Latest RRPG Newsletter.
Restoration and Reordering ‘Opening new paths to faith’
Our Arch Deacon, the Ven. Phil Andrew has inspired St Lawrence Church members to be visionary in how our church building can accommodate and work with everyone’s requirements into the 22nd century.
Over the past five or six years, the fabric of St Lawrence has been ‘creaking at the seams’, with our electrical system being condemned at one stage, lighting being unreliable, the heating system being inadequate for the size of building, the floor tiles continually becoming loose, we have no internal toilets, we make do with a very small kitchen, the audio visual system is antiquated and we have insufficient rooms to accommodate our Sunday school children. The list could go on and on!
A presentation was shown on four separate occasions in October 2018 of the PCC’s thoughts on how St Lawrence could accommodate us all in the future. This presentation can be viewed in a separate browser window via this link (password RRPG).
Thank you to all those members of the church community for their considered and detailed feedback to the initial consultation. We received 119 completed questionnaires which have been analysed in some detail. We are now able to present the findings from the survey in the attached Summary Report . This information will be very helpful as we consider detailed options and prepare submissions to the Diocese Advisory Committee.
Read below the transcript from Archdeacon Phil Andrew’s presentation on the 3rd October 2018:
“I really would like to say well done to you and to your PCC for starting to think about the future of this beautiful building. Too many people don’t do that. They don’t think till it’s too late about the future of this God-given resource.

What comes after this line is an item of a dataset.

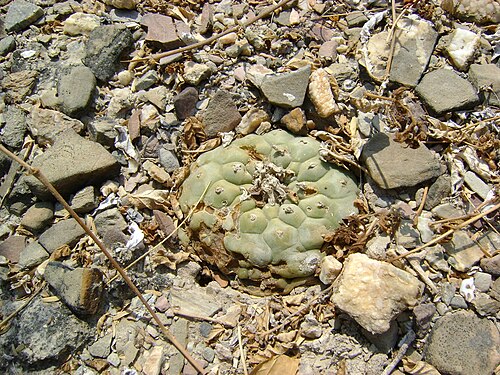 Peyote: Pena Blanca, Queretaro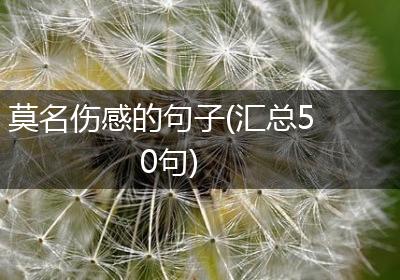 莫名伤感的句子(汇总50句)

And two misconceptions that I commonly come across. And it may be just the church community and it’s not a misconception for you. It may be people from outside the community. The first is that so often we think that the church building is the church, and it’s not. That might sound a bit strange. This is St Lawrence church, but that’s shorthand for something else. Everywhere in the Scriptures where we talk about the church, we talk about a community of people. And the church of St Lawrence means the people who worship God, who join his mission and ministry here. And that means that our church buildings like parts of church life. But really they are instruments of the mission and ministry of the church. Or to put it another way, they’re vehicles of the church’s mission in Lechlade. And if you have an instrument or a vehicle, it’s great every so often to pause and say, “Is it fit for purpose? Or do we need to do something about it?” And that’s exactly what tonight and this process is about, and I commend it to you. When Andrew was installed here as a team vicar he made a Declaration of Assent, and some of you may remember that in the Declaration of Assent the church is told they need to proclaim afresh in each generation the Christian faith. And we need to ask, are our instruments, our vehicles there to help us or to hinder us proclaim afresh in this generation the good news, the wonderful news of God’s love?
The second misconception that I often come across is that the church building is a static thing. And it’s not. Of course it has stood here since 1470 something and it’s always been on this place, but this building has changed beyond recognition over the centuries. Bits have been added to it; there have been galleries. People will have come in here over the centuries and today they wouldn’t recognise this at all. And sometimes we get into the trap of thinking to be true to a building’s heritage we have to encapsulate it as it is now. And I want to say that that’s not at all true. As a life of this church, probably hasn’t had pews for much of its life. So in some ways what we’re aiming to do is to restore it to its original heritage as the community space in this town. I commend you to think in those sort of terms.
Cathedrals are often ahead of parish churches. They have restored themselves as the community space in a city. And I, off the top of my head, can’t think of one cathedral that still has pews. Not that it’s all about pews. There may be one or two, you can tell me at the end. But most of them have moved them out in order to recover that community space. And that’s what I really want to say. And I’d really encourage you to keep those thoughts in mind as we give the presentation tonight.”